Quickstart: Create a voice-first virtual assistant with the Speech SDK, UWP

Quickstarts are also available for speech recognition, speech synthesis, and speech translation.

In this article, you'll develop a C# Universal Windows Platform (UWP) application by using the Speech SDK. The program will connect to a previously authored and configured bot to enable a voice-first virtual assistant experience from the client application. The application is built with the Speech SDK NuGet Package and Microsoft Visual Studio 2019 (any edition).

Note

The Universal Windows Platform lets you develop apps that run on any device that supports Windows 10, including PCs, Xbox, Surface Hub, and other devices.

Prerequisites

This quickstart requires:

Optional: Get started fast

This quickstart will describe, step by step, how to make a client application to connect to your speech-enabled bot. If you prefer to dive right in, the complete, ready-to-compile source code used in this quickstart is available in the Speech SDK Samples under the quickstart folder.

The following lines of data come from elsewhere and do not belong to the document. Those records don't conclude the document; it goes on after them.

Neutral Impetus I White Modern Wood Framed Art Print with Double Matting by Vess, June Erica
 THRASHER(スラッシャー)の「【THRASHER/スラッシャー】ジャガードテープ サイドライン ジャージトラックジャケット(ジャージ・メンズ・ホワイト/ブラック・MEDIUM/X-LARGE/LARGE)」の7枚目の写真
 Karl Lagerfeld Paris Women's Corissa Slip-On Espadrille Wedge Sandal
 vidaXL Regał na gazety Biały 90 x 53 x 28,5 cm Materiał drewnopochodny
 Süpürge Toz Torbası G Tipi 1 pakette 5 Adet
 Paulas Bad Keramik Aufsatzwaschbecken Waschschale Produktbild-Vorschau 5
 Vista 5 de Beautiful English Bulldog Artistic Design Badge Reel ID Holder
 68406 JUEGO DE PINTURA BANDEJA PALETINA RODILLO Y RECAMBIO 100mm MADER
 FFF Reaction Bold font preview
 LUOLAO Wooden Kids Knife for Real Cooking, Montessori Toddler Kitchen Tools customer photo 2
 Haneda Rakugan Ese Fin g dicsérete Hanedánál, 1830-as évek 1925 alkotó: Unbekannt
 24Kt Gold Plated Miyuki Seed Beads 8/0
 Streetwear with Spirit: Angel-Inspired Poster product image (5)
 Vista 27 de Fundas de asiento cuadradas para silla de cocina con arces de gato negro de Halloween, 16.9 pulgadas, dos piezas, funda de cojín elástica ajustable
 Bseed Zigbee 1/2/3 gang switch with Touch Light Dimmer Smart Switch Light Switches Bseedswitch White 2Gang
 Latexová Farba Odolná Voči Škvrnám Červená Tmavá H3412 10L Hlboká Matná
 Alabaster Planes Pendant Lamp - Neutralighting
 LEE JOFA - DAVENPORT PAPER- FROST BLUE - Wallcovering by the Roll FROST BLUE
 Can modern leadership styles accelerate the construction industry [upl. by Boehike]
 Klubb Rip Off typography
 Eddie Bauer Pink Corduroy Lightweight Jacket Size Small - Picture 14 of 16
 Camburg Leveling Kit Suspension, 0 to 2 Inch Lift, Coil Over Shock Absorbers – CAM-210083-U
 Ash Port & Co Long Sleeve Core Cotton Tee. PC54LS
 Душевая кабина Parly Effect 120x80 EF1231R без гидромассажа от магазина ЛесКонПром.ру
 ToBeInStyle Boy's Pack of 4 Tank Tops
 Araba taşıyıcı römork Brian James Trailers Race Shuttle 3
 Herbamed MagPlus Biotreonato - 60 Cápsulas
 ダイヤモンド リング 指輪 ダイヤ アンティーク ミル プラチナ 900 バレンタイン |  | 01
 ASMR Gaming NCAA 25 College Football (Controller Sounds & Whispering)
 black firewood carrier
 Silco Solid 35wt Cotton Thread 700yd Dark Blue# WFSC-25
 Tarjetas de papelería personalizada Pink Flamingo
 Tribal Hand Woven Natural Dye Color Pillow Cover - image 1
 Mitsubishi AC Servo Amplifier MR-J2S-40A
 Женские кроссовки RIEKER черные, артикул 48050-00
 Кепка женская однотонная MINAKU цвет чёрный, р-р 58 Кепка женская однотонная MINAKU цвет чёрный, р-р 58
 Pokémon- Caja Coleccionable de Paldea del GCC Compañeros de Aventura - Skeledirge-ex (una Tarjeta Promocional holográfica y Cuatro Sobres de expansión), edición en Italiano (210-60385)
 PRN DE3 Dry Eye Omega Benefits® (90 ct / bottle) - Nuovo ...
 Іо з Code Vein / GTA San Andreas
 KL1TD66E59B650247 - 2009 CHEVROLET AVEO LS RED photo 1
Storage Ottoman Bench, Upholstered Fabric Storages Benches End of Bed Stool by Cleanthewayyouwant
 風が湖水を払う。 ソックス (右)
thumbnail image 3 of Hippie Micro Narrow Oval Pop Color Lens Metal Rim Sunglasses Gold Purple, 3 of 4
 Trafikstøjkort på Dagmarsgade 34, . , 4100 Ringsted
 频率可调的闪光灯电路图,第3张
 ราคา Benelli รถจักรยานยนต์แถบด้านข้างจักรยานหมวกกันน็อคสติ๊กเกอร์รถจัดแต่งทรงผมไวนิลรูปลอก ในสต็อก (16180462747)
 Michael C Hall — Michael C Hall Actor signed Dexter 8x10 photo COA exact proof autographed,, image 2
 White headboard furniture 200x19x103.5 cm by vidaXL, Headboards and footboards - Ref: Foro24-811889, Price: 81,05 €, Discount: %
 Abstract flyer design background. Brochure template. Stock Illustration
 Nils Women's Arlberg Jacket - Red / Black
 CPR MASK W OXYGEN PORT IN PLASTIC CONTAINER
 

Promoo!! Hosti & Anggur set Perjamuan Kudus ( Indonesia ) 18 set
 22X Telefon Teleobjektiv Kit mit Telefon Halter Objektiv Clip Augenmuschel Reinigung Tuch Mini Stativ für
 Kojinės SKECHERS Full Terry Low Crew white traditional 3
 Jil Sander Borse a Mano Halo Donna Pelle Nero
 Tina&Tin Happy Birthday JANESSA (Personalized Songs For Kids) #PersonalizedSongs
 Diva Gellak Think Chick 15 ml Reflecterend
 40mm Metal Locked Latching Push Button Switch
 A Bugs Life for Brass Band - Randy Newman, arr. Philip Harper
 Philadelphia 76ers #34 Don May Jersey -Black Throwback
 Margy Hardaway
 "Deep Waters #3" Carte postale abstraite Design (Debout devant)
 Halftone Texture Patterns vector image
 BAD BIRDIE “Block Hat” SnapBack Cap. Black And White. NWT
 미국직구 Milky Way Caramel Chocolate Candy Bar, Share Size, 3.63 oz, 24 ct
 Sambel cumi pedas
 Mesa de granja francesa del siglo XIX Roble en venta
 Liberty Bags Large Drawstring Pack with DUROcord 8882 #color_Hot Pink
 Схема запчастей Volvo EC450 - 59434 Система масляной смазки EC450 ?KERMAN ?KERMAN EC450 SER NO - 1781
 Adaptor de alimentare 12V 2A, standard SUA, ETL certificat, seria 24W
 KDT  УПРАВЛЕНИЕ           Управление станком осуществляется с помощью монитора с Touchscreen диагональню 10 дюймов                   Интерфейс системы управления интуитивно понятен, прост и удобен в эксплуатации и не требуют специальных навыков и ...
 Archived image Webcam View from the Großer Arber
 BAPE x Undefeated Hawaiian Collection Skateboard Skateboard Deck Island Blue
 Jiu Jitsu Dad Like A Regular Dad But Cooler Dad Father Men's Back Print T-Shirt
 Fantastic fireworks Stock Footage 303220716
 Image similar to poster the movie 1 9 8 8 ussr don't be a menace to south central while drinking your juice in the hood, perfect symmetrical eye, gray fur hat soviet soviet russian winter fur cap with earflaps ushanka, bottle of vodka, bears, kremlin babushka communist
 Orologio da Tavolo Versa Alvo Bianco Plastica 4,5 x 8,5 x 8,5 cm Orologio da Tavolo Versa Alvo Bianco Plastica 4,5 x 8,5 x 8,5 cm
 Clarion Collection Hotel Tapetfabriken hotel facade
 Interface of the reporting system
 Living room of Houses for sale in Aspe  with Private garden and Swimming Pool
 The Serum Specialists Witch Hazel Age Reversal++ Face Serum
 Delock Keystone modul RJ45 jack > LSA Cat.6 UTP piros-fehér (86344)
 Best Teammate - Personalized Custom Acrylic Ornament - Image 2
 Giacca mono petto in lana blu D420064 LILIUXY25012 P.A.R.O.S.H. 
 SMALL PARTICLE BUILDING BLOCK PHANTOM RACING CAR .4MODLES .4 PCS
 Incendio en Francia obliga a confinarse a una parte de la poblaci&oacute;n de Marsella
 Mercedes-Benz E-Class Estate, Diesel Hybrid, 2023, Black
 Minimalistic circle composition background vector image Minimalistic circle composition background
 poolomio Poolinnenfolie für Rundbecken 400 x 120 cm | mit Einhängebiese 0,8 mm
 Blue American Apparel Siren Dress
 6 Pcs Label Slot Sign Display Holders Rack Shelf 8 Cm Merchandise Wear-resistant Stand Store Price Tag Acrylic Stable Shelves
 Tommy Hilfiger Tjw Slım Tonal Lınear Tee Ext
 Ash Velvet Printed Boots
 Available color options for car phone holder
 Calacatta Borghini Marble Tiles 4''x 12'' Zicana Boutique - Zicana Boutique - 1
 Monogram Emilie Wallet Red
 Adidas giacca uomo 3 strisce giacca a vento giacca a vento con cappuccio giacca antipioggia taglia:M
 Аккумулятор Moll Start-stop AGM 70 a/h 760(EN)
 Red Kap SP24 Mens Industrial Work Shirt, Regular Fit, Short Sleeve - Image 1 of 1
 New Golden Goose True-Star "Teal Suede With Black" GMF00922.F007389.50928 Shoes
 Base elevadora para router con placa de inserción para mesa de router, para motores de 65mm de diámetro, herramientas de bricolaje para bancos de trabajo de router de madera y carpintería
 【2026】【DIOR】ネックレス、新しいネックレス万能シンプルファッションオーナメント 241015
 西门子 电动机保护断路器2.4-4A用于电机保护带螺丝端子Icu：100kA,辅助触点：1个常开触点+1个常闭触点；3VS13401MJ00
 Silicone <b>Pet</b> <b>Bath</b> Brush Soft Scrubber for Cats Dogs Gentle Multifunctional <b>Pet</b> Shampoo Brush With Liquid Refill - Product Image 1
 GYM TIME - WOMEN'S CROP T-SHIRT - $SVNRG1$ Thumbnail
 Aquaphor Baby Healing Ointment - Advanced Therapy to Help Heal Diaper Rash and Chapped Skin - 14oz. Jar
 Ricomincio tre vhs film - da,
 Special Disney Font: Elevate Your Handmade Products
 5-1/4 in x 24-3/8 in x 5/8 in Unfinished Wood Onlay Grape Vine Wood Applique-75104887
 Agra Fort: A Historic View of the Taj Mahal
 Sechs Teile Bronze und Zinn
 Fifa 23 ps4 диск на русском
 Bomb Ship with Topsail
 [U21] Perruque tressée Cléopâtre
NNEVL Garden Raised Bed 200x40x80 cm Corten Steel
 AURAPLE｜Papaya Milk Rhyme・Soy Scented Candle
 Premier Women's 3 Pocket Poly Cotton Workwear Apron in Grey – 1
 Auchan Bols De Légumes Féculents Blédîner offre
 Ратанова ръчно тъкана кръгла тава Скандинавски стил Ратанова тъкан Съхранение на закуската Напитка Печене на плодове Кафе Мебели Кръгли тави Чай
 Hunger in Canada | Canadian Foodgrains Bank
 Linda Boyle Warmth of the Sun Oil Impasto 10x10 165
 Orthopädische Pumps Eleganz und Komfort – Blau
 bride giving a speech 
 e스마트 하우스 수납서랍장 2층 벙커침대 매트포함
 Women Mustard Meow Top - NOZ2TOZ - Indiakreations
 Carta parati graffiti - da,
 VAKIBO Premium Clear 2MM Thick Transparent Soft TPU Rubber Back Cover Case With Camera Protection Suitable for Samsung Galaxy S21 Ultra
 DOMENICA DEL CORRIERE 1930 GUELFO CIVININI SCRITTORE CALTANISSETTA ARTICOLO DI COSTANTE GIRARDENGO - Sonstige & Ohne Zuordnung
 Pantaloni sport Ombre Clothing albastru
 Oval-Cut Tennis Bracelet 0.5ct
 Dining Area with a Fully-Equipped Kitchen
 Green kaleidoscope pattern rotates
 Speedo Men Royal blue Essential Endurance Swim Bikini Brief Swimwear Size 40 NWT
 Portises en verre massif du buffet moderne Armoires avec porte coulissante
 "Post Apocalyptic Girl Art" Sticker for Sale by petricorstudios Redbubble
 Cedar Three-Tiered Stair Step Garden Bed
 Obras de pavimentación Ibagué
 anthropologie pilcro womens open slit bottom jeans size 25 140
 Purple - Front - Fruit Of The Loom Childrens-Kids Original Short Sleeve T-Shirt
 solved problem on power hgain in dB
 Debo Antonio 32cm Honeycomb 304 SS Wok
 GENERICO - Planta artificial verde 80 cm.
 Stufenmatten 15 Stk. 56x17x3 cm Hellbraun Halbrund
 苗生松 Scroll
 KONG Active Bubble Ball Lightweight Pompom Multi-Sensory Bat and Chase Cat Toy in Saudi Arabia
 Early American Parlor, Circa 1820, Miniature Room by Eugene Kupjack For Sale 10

Create a Visual Studio project

To create a Visual Studio project for Universal Windows Platform (UWP) development, you need to set up Visual Studio development options, create the project, select the target architecture, set up audio capture, and install the Speech SDK.

Set up Visual Studio development options

To start, make sure you're set up correctly in Visual Studio for UWP development:

  1. Open Visual Studio 2019 to display the Start window.

    Start window - Visual Studio

  2. Select Continue without code to go to the Visual Studio IDE.

  3. From the Visual Studio menu bar, select Tools > Get Tools and Features to open Visual Studio Installer and view the Modifying dialog box.

    Workloads tab, Modifying dialog box, Visual Studio Installer

  4. In the Workloads tab, under Windows, find the Universal Windows Platform development workload. If the check box next to that workload is already selected, close the Modifying dialog box, and go to step 6.

  5. Select the Universal Windows Platform development check box, select Modify, and then in the Before we get started dialog box, select Continue to install the UWP development workload. Installation of the new feature may take a while.

  6. Close Visual Studio Installer.

Create the project and select the target architecture

Next, create your project:

  1. In the Visual Studio menu bar, choose File > New > Project to display the Create a new project window.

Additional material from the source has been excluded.